Déjà vu

Two seasons, 17 years apart. The 2002/03 season and the currently postponed 2019/20 campaign bare striking similarities for fans of West Ham United. In the interceding years, there have been ten managers, three (failed) European campaigns, two relegations, one stadium move and a change of ownership. It has been a period characterised by upheaval not stability. Yet it would seem the more things change in East London, the more they stay the same.

False Optimism
Heading into the season optimism was high amongst supporters. On the back of a 7th placed finish in 2001/02, West Ham were widely tipped to compete in the top half of the Premier League again. As it turned out, this would only foster overconfidence and provide Terry Brown with the excuse to invest the bare minimum over the summer of 2002. The highest profile recruitment was Gary Breen – who arrived on a free – and left 12 months after a disastrous spell with the club. Fast forward to 2019 and another Bosman transfer, Roberto would prove even worse by single-handedly dropping points during an eight-game Premier League winless spell covering Lukas Fabianski. Unlike 2002, however, there were two big-money acquisitions in the shape of Pablo Fornals and Sebastian Haller; both of whom joined on the back of impressive seasons with Villarreal and Eintracht Frankfurt respectively. The signing of the latter was a particular coup, but was somewhat offset by the decision to get rid of the club’s entire strike force. This transfer policy left the current squad with a strong core albeit one significantly lacking in depth for a club with the injury lucky of West Ham. Nevertheless, many had tipped the Hammers to compete with Leicester City and Wolves for European football based on the quality of the squad and the top ten finish under Manuel Pellegrini last time out.

‘Too good to go down’
Aside from the new recruits, the two squads possessed a good mix of experience and youth. In 2002/03, the likes of Joe Cole and Michael Carrick were already established in the squad with the former even captaining the team on several occasions. Similarly to the latter, Declan Rice would take the armband for the first time in 2020 and appeared on course to repeat Joe Cole’s ‘Hammer of the Year’ feat in 2003. Most glaringly, however, January 2003 and 2020 would see the emergence of two 19 year old right-backs in the form of Glen Johnson and Jeremy Ngakia. In seasons devoid of much celebration, their respective breakthrough gave fans of the ‘Academy of Football’ something to take pride in.

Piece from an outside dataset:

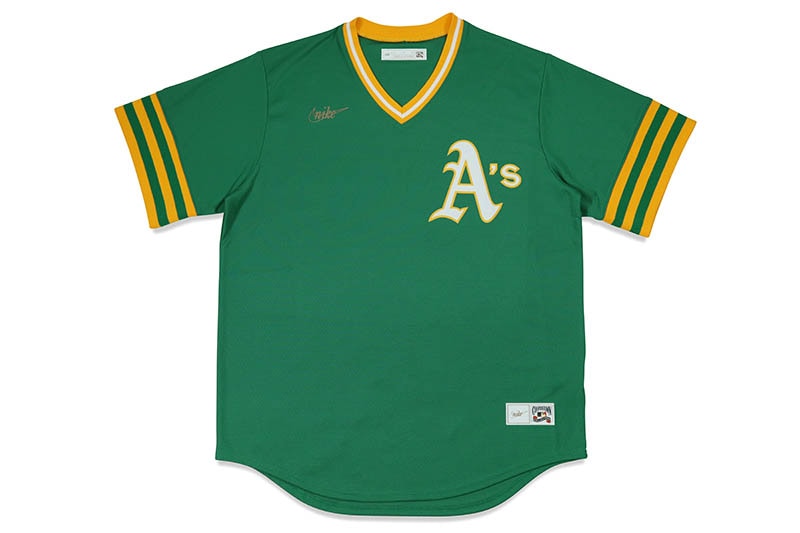 NIKE MLB OAKLAND ATHLETICS COOPERSTOWN 1982-92 BASEBALL JERSEY (C267-KOKA-OKA-UCT:KELLY GREEN)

At the other end of the age spectrum were Paolo Di Canio and Mark Noble; 33 and 32 years old entering the twilight of their careers at a club where their legendary status was already confirmed. Joining them were Trevor Sinclair, Frederic Kanoute, David James and Jermain Defoe in 2002/03 and Michail Antonio, Manuel Lanzini, Lukas Fabianski and Felipe Anderson in 2019/20. On paper, these were two squads with international-calibre players in their ranks, so where did it all go so wrong?

Chaos from the top down
Things are never straightforward at West Ham and no seasons better epitomise that than the two in question. With results on the pitch failing to paper over the cracks, a clear division between the club and its fans became increasingly apparent. For many, the trigger in 2019 was the return of David Moyes, but in truth tensions had been boiling over since the stadium move and organised mass protests followed. Calls for the triumvirate of David Gold, David Sullivan and Karren Brady to get ‘out’ had never been so prominent.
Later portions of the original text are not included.